Монах предается чаепитию, он важно восседает (тогда как послушник пьет, почтительно стоя), а рядом в лохмотьях просит подаяния калека-солдат, награжденный за воинскую храбрость «Георгием». Протягивает руку и мальчик-поводырь.

Молодая смазливая хозяйка дома одной рукой доливает пузатый и чем-то похожий на иеромонаха самовар, а другой отпихивает докучливого нищего.

А что же иеромонах? Он как будто ничего не замечает? - Краем глаза монах все видит и спокойно продолжает свое занятие. Он уверен, что инвалида сейчас отгонят.

Глаза!
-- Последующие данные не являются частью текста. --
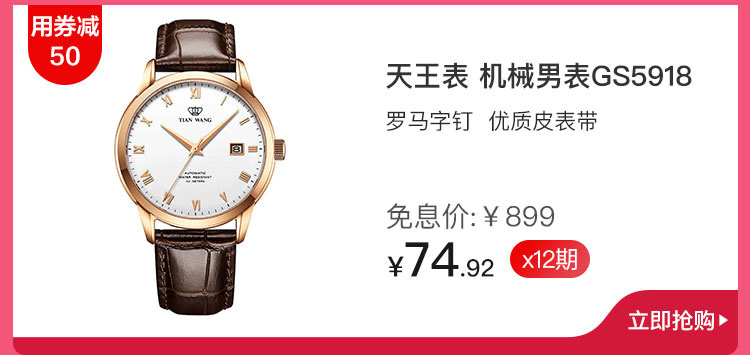 天王表 机械男表GS5918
Как написаны эти фарисейские глаза!…

Среди огромных блистательных полотен Третьякова скромное перовское «Чаепитие в Мытищах», может, и не так приметно. Но не даром толпятся перед ним посетители. С потрясающей силой запечатлел в ней правдолюбец-художник живую страничку навсегда ушедшей жизни Подмосковья.

- Где жил Василий Григорьевич Перов, когда писал «Чаепитие в Мытищах»? Верно, где-нибудь поблизости от Мытищ?

С таким вопросом обратился я в свое время к Николаю Андреевичу Мудрогелю, старейшему служителю Третьяковской галереи. Мудрогель хорошо знал Третьякова и его друзей-художников.

- Погодите немного, - сказал Николай Андреевич и куда-то вышел. Через минуту он вернулся с небольшим альбомом, открыл его и указал на одну фотографию, изображающую какой-то дом.

- Куракино. Дача Третьяковых близ станции Тарасовская. Тогда место было глухое. Третьяковы все больше жили на другой даче - в Кунцеве. А Василий Григорьевич чаще бывал и временами живал в куракинском доме. Это и понятно: ведь поблизости, в Мытищах, и написал он почти все свои картины. Когда сильно заболел он, Третьяковы предложили ему и вовсе переселиться в Куракино… Но и чистый воздух не помог… А дом цел - только немного перестроен.